The fourth story, In Darkness Dwells, is scripted by The Dark Knight’s David S. Goyer and is by far the most satisfying, mostly because it pits Batman against two famous Bat-villains, The Scarecrow and Killer Croc. It’s a nicely atmospheric story that benefits from being set entirely in a dank sewer, with an extra bit of imaginatively macabre detail in the fact that Batman encounters an old coffin delivery system that works like a pneumatic tube apparatus.
Scripted by comics writer Brian Azzarello, the fifth story, Working Through Pain, sees a badly injured Batman still in the sewer, flashing back to his time as a young man, when he learned to master control over his pain while studying in India with a woman named Cassandra (Parminder Nagra). The story is mostly notable for revealing that Batman apparently has a customised hot disc on his utility belt, in order to cauterise a wound, should the occasion arise.

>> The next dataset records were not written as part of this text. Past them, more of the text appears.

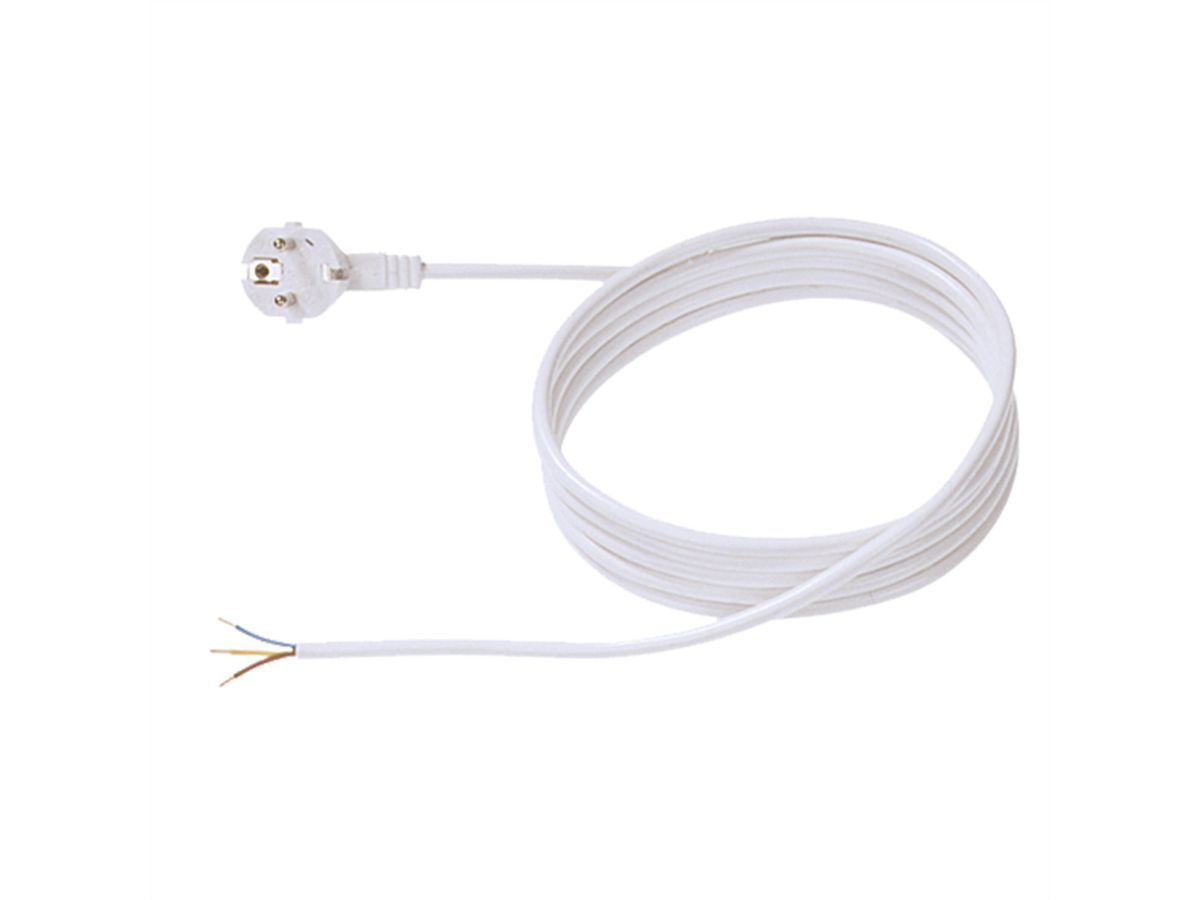 BACHMANN Câble H05VV-F 3G1,5 5m, blanc, non emballé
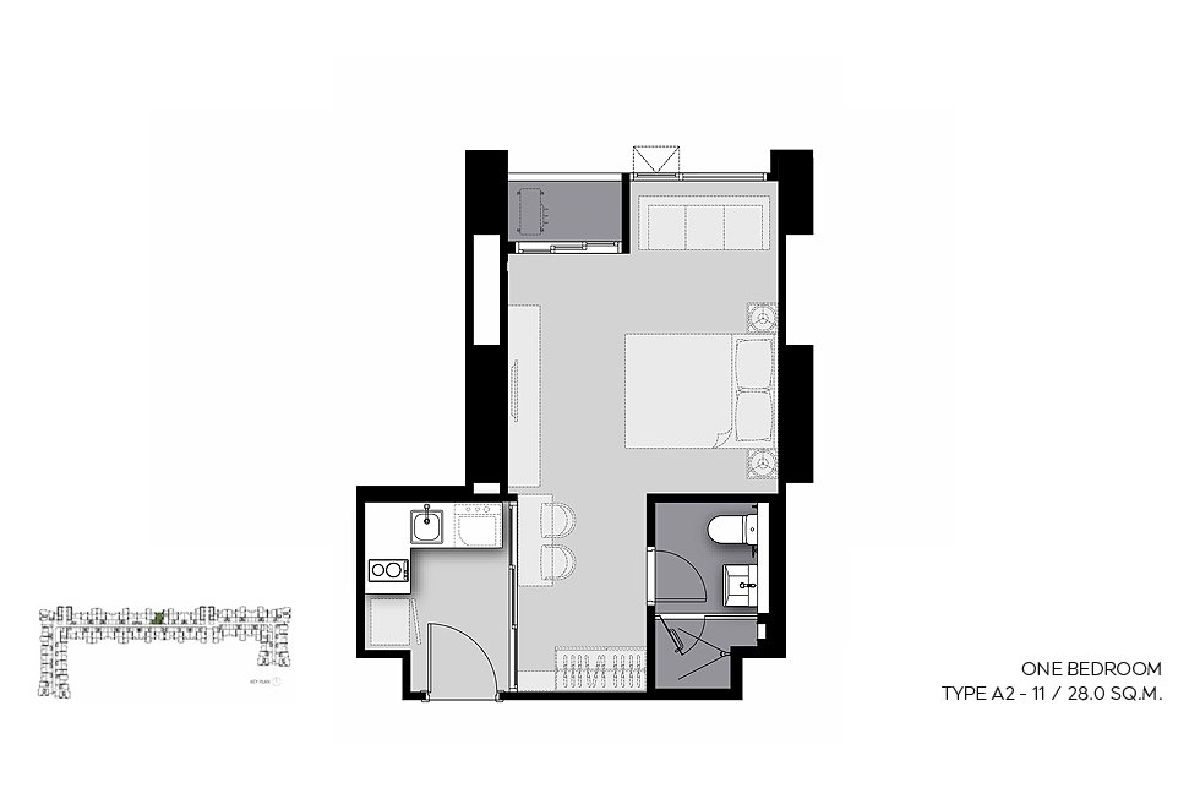 For SaleCondoThaphra, Talat Phlu, Wutthakat : Urgent sale! 1st hand room, cheaper than the project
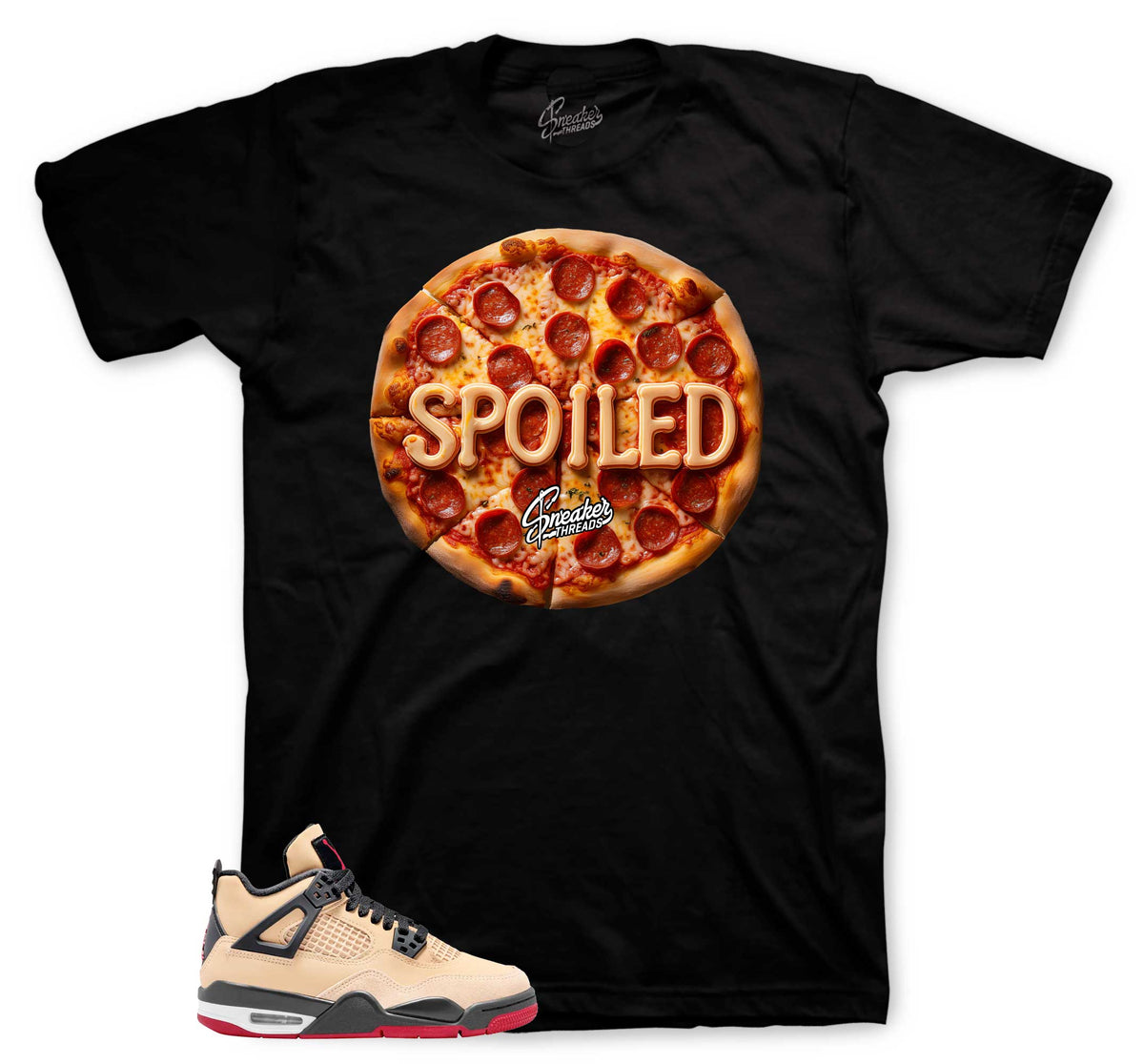 Retro 4 Pizza Spoiled Shirt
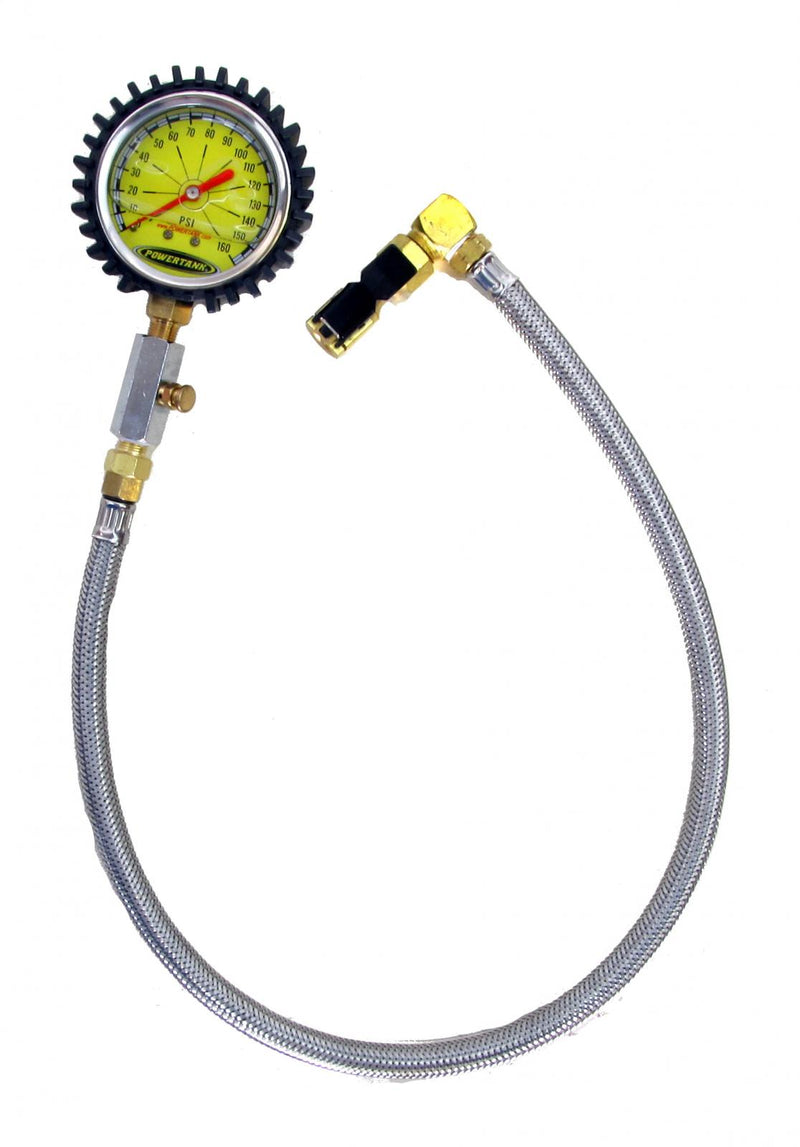 Tire Pressure Gauge Hands Free 160 PSI 24 Inch Hose Power Tank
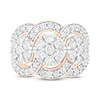 Thumbnail Image 1 of Diamond Fashion Ring 2 ct tw Round-cut 10K Rose Gold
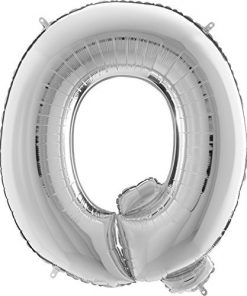 40" Silver Foil Letter Balloon - Party Decorations - Q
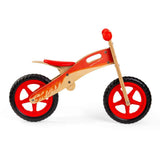 Bigjigs Toys My First Balance Bike Red Wooden Training Bicycle for Kids 3 Years Plus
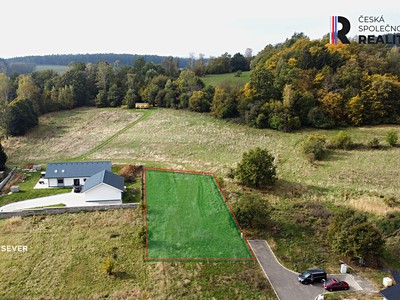 Prodej  stavebního pozemku 986 m²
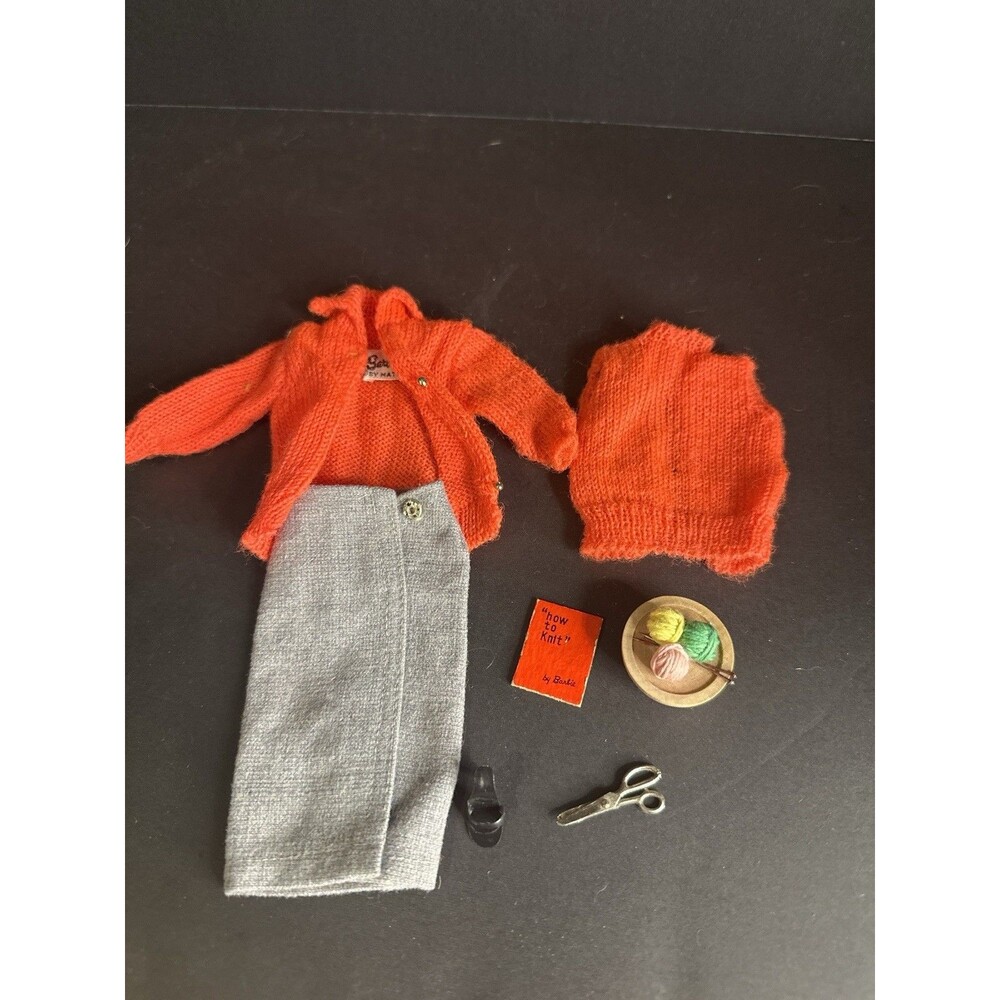 Vintage Barbie #976 “Sweater Girl” Outfit‎ (1960-1962)-Partial W/Acessories-HTF!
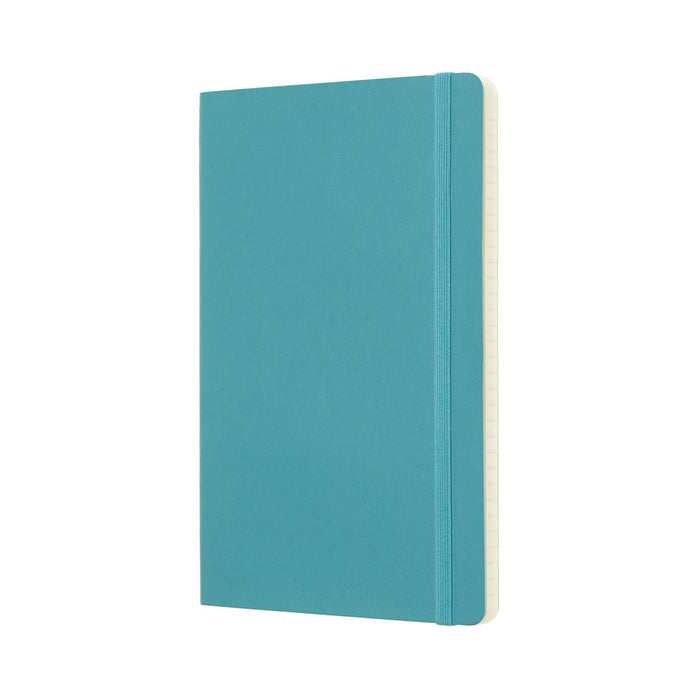 Moleskine Classic Notebook, 130mm x 210mm Large Size, Ruled, Soft Cover, Reef Blue CXMQP616B35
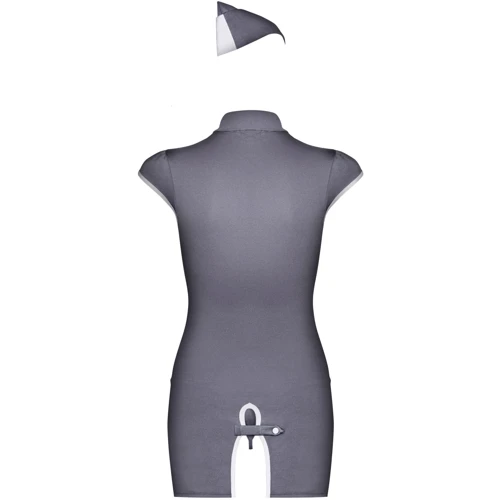 Костюм стюардессы Obsessive Stewardess grey S/M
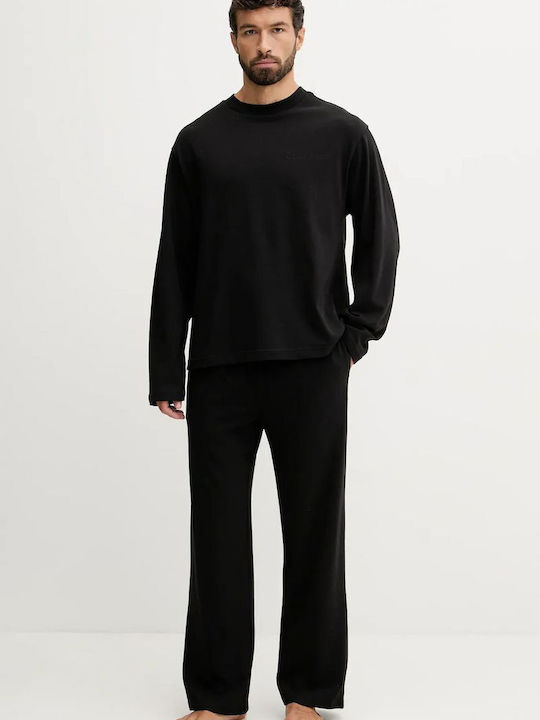 Calvin Klein Men's Winter Pajamas Set Black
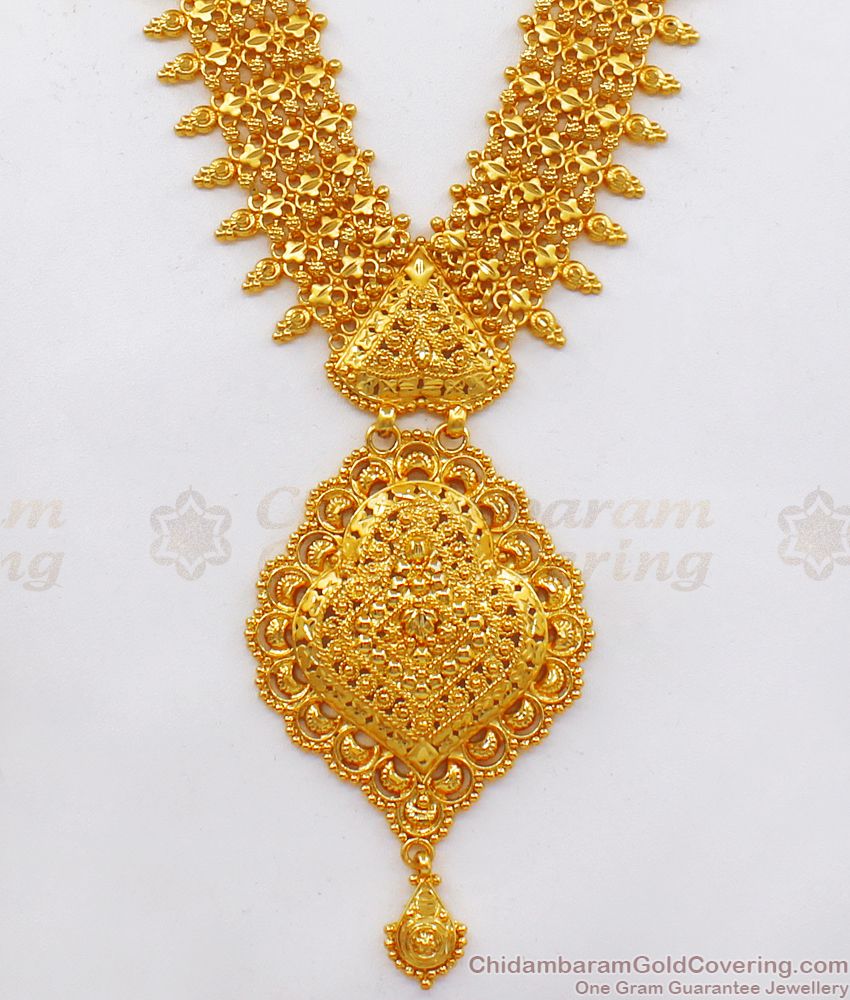 Unique Design Gold Forming Haram Earrings Set HR2119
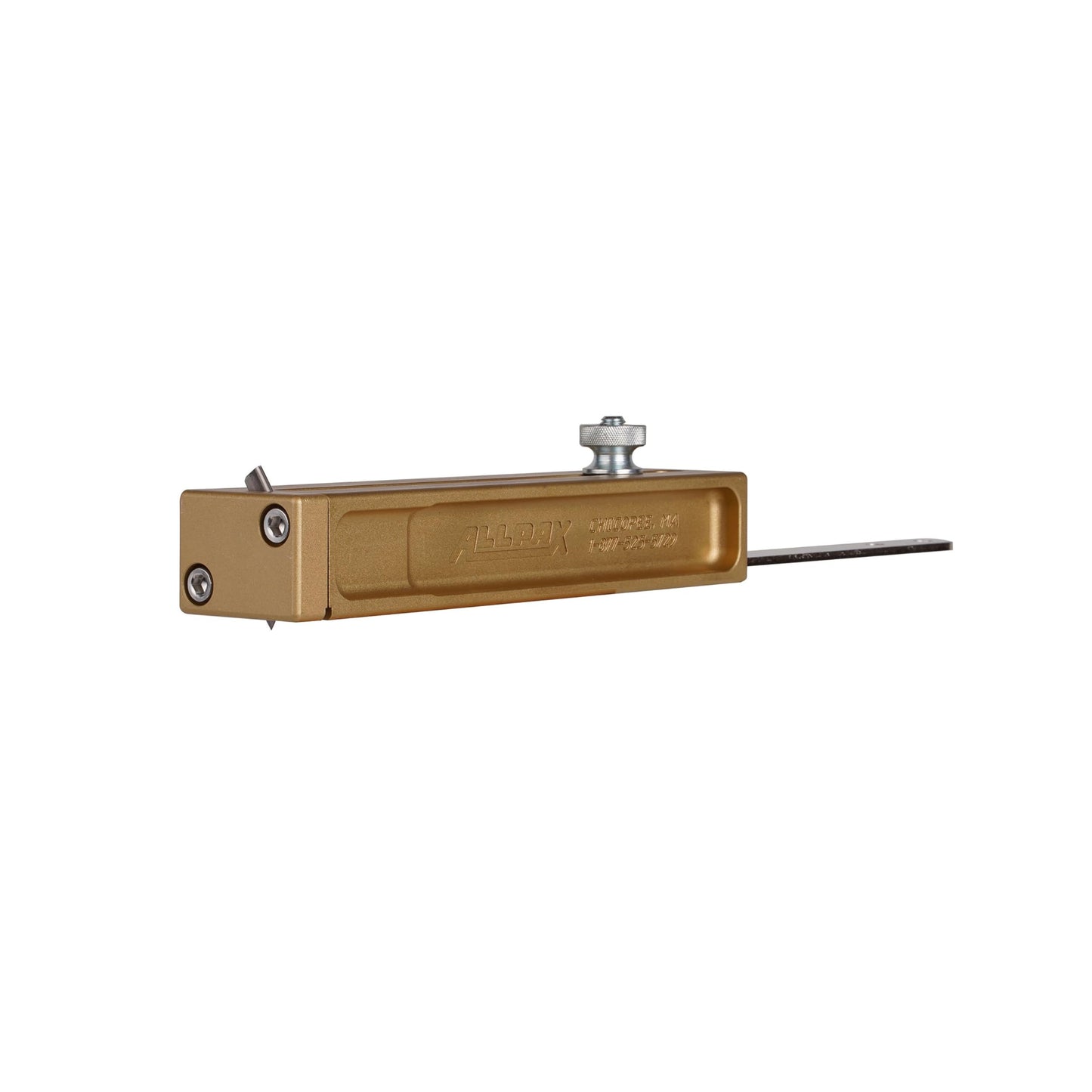 Allpax Heavy-Duty Gasket Cutter 0-61" Diameter w/Premium Brass Cutter Block and Cutting Board, Steel Extension Bars, and Rugged Storage Case (AX6050)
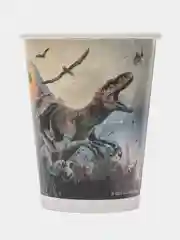 Jurassic World. Набор бумажных стаканов, желтый лого, 6 шт*250 мл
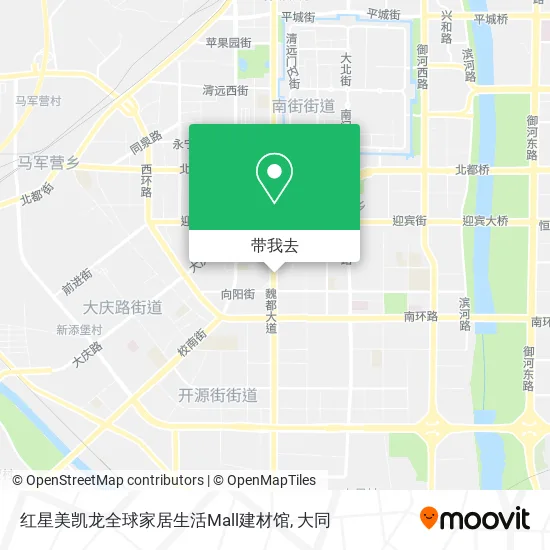 红星美凯龙全球家居生活Mall建材馆地图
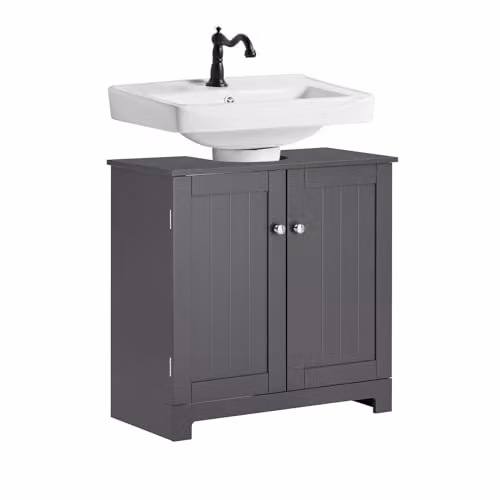 SoBuy Mobile Bagno Sottolavabo Salvaspazio con Ante e Ripiano Regolabile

The final story, Deadshot, pits Batman against the titular comics sharp-shooter, whose profile is now considerably higher thanks to Suicide Squad. There are some nice visual details (such as Deadshot rocking a wide-brimmed hat, or casually skewering a wasp with a tossed toothpick) and the action sequences are nicely handled. Indeed, it would be the best of the bunch, were it not for an unfortunate bit of scripting whereby Batman says “I’d never use one, but I can appreciate the attraction of a gun”, before waxing a little too lyrical about the various pleasures of shooty bang-sticks.
The gimmick of having different animation styles for six different stories is a nice concept in theory, but in practice the styles are very similar in the latter stories and only the first one does anything imaginative with the idea. Similarly, thanks to the graphic shoot-out in the second short, the film falls foul of a frequent complaint with anime-style superhero cartoons, which is that the gunfire, violence, bloodshed and language are needlessly excessive, here earning the film a 15 rating.
Overall, this is worth seeing for curiosity value, but it’s not as much fun as it should be and you can’t help wishing the animators had pushed the experimental boundaries a little further. Incidentally, if you’re wondering what Batman: Gotham Knight is in Japanese, it’s Battoman Gossmu Naito. Who says you can’t learn anything on the internets?